Once you have decided what to plant, how many, and when....then it's time to get to starting your starts.  In the event you are not wealthy with a large yard can't afford a green house or don't have the space for it, a south facing window is as good a place as any to start your seeds.

I prefer a method which can be duplicated without expensive equipment, tons of space or electricity.

I made a make-shift green house out of clear sterlite under-the-bed boxes which I got at the local Wal-Mart.
I used paper egg cartons for the tray.  The seeds that make it will grow into the egg carton, but we can just tear or cut the egg cups apart later when we re-plant the seedlings.  We will re-plant the whole cup section into larger pots.

I drilled a hole in the edge of two boxes to make the top and bottom.

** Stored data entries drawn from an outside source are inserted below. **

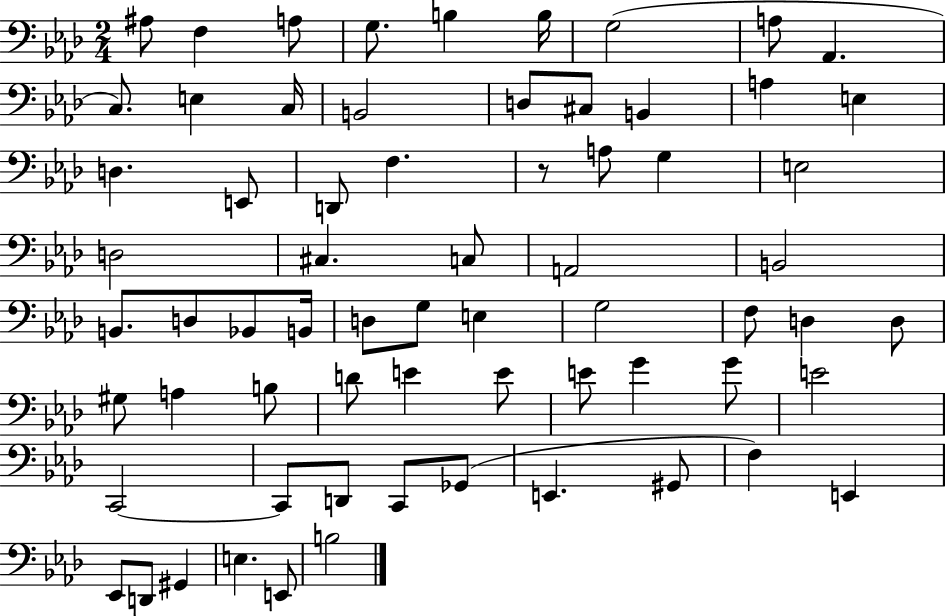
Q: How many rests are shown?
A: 1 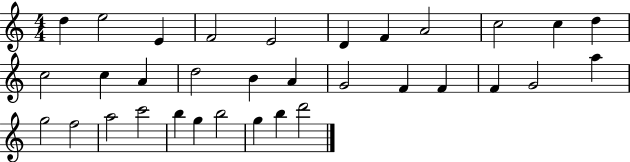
X:1
T:Untitled
M:4/4
L:1/4
K:C
d e2 E F2 E2 D F A2 c2 c d c2 c A d2 B A G2 F F F G2 a g2 f2 a2 c'2 b g b2 g b d'2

Threaded a small bolt through the whole in the bottom box, secured it with a nut and can now set the top box on the bolts sticking out of the bottom box to complete my 'greenhouse'. 

(Sorry about the blur, couldn't get the camera to focus on the shiny bolt.)

This allows me to have a deep bottom which will hold the water for the seeds and a tall top which allows plenty of room for any seedlings without fear of the top sliding off and smashing the delicate little plants.

Sunday, March 4, 2012

Canned Bacon II

I opened up a jar of our canned bacon
The bacon was soft and very fragile.  It didn't look as if it was cooked, it still looked almost raw. 

The process was fairly messy to open the jar.  The grease was EVERYWHERE.

I fried it up anyways.  It was so fragile that many pieces were broken in half.  Thats ok.  The better to fit my sandwich, my pretty bacon.

The bacon tasted amazing.  All the rest doesn't even matter when the finished product is this fantastic.

It may not be the prettiest thing, but the smell and flavor was heavenly.  I'm going to be eating fresh BLT's in my food storage.  What will you be eating?

Friday, February 24, 2012

Canned Bacon

Canned Bacon.  Yum!
My food storage plan involves having bacon for breakfast.  What's in your food storage?

Step by step, here is how it is done.

You need approx. 1 pound of bacon per quart size, wide mouth jar.

I started by weighing the bacon, then after I got a feel for how much was a pound, I just kept it in the slice range so I could move faster.  For the thick slice bacon I was using, a pound was 10-11 slices.

Lay the bacon nicely across one edge of the parchment paper.  (Do not use wax.  You don't want the wax being melted into your bacon!)

Fold the parchment paper, and use an extra piece if necessary so that the bottom half of the bacon is covered.

This was one of the first ones I did.  I found that I only needed about a fourth of a piece to make up the difference.  The first ones I used a full half sheet and then a third. 

Fold the top half of the bacon over so that it lays on top of the parchment covered bottom half.  Then roll the whole thing as tightly as you can.  It needs to be skinny enough to slide into the jar.

Slide the whole thing into the jar.  I find the folded side down goes in easier than the other way.

Clean the rim, add a boiled lid and ring.  Process at 10 pounds for 90 minutes.

The one in front is cooler than the ones behind.  You can see the bacon broth on the bottom and the fats on top.  Once they cool, they turn a white color but before that it looks like water on top.